• [EXERCISE MATERIALS]:

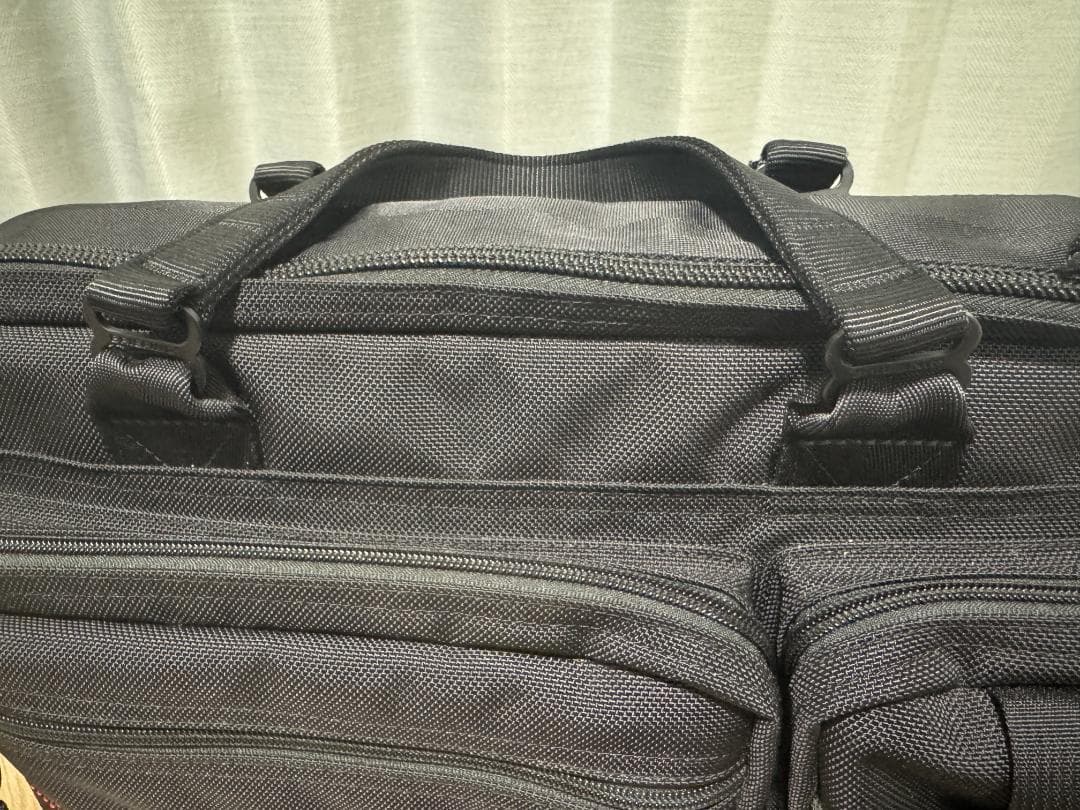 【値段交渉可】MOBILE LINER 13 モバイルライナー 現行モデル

...

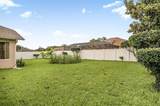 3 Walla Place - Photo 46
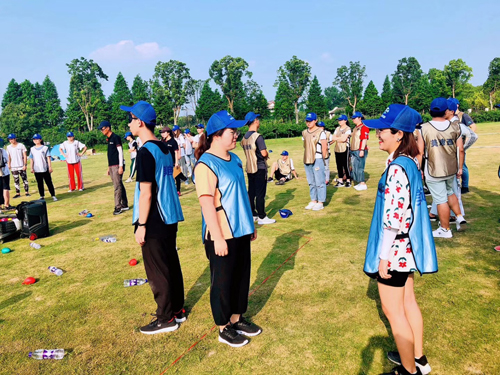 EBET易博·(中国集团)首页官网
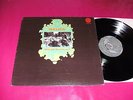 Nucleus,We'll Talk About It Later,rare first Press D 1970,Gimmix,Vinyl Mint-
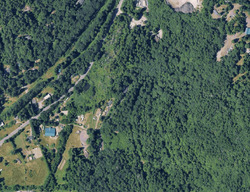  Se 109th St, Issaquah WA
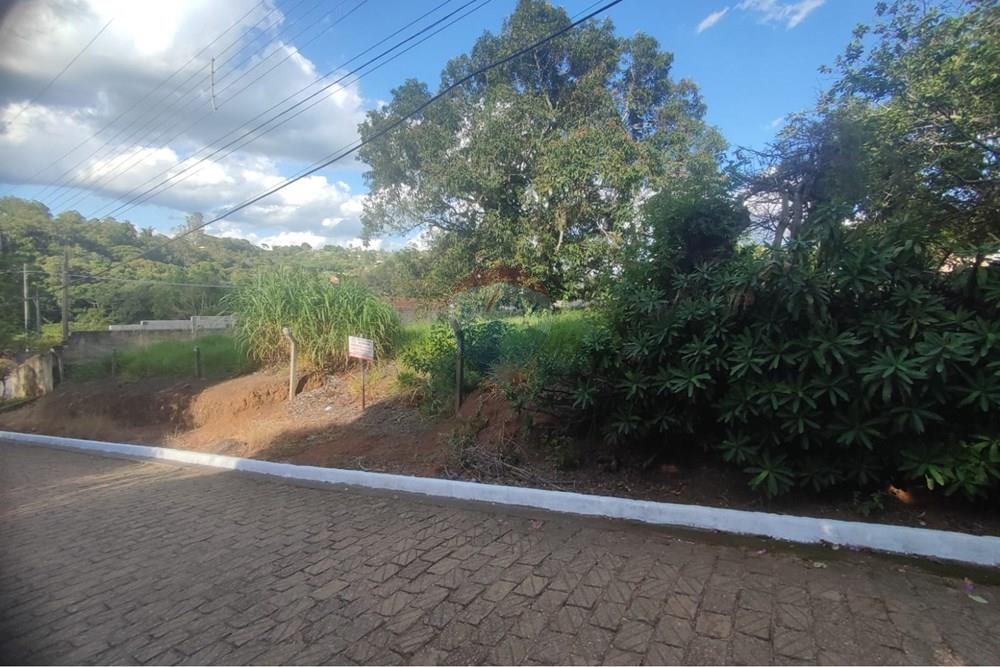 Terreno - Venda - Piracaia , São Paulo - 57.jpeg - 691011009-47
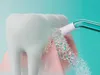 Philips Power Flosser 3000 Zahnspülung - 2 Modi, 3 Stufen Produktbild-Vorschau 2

• [INSTRUCTIONS FOR THE TASK]: From the records above, give again only the part that opens with the line containing "Terreno - Venda" and closes with the line containing "Philips Power Flosser". Keep both ends but drop the pictures.

• [ANSWER TO THIS PROBLEM]:
 Terreno - Venda - Piracaia , São Paulo - 57.jpeg - 691011009-47
 Philips Power Flosser 3000 Zahnspülung - 2 Modi, 3 Stufen Produktbild-Vorschau 2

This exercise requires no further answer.